1. Wait. Why are they printed differently? They should be all the
same 36 strings when you print them, no?

Seems like you understood Mons to the letter. I believe he meant
we should provide a way to insert strings to simplify moving data
to a new space, but it does not mean we should store them as strings.
It makes comparators slower. sscanf() to extract uuid from a string
on *each* comparison is a huge performance hole. From what I measured
recently (not in Tarantool), sscanf() is a *really* slow thing. Its
usage in comparators is dangerous.

On the other hand ability to insert strings means we need to convert
them to MP_EXT after insertion, which means full scan of each tuple
by field types and possibly its recreation. We had a similar problem
with 'double' type. After all it was decided to keep as is and let
users enforce the needed type when they want using ffi.cast('double').

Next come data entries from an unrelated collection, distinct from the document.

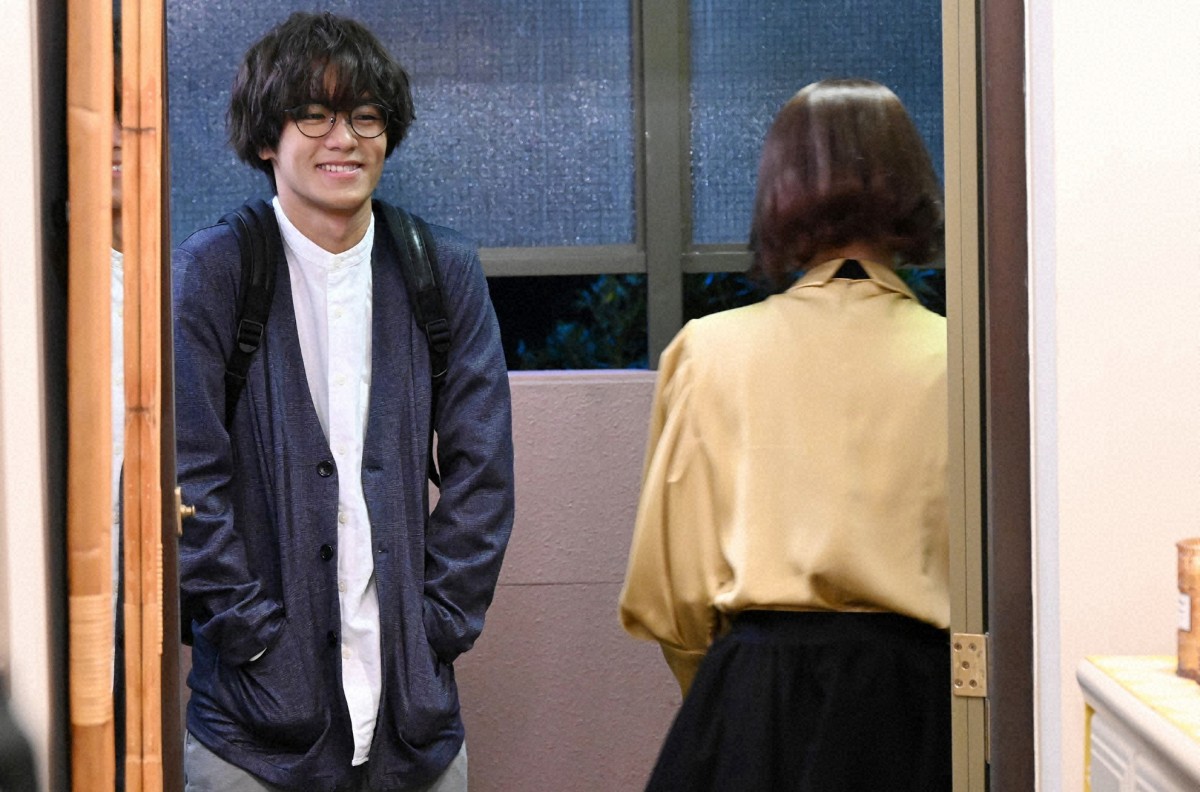 木南晴夏が“地味OL”×“超セクシーベリーダンサー”の顔持つ主人公に　『セクシー田中さん』今夜スタート　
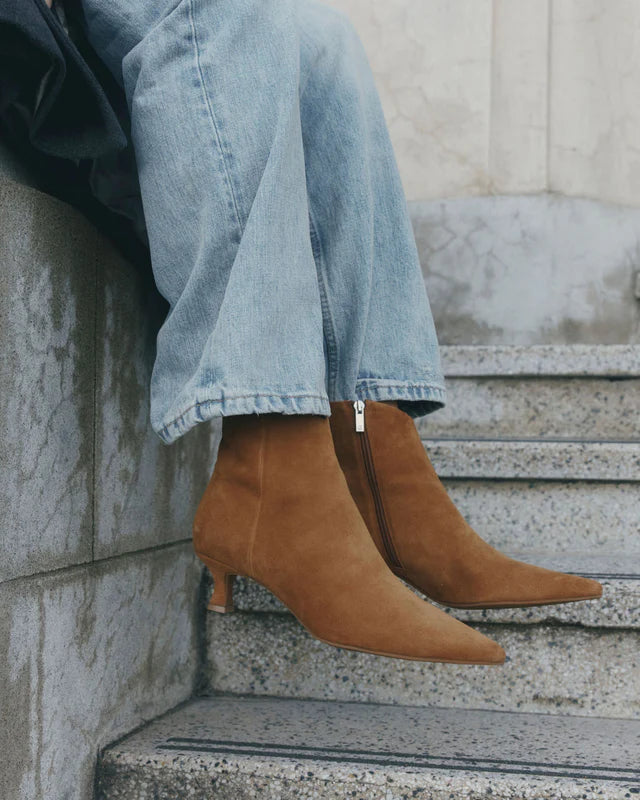 Obsidian Boot Saffron Suede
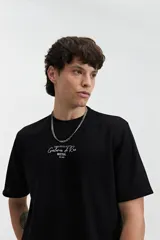 Remera marrón de manga corta con cuello redondo, textura acanalada y lettering estampado en el pecho.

IMO, we should just disallow both ability to store strings, and to
insert strings. I mean, you can't insert a string into a decimal field,
for example. So a user anyway will never be able to insert only Lua
simple types. Cdata is enforced for decimal and double right now.

Better keep it simple. If someone wants to convert their existing spaces
to mp uuid, they easily can write a trivial function which would replace
string uuid with cdata uuid before insertion into the new space. We
should not sacrifice perf for that.

This is only my opinion, you may want to ask Mons and Kirill.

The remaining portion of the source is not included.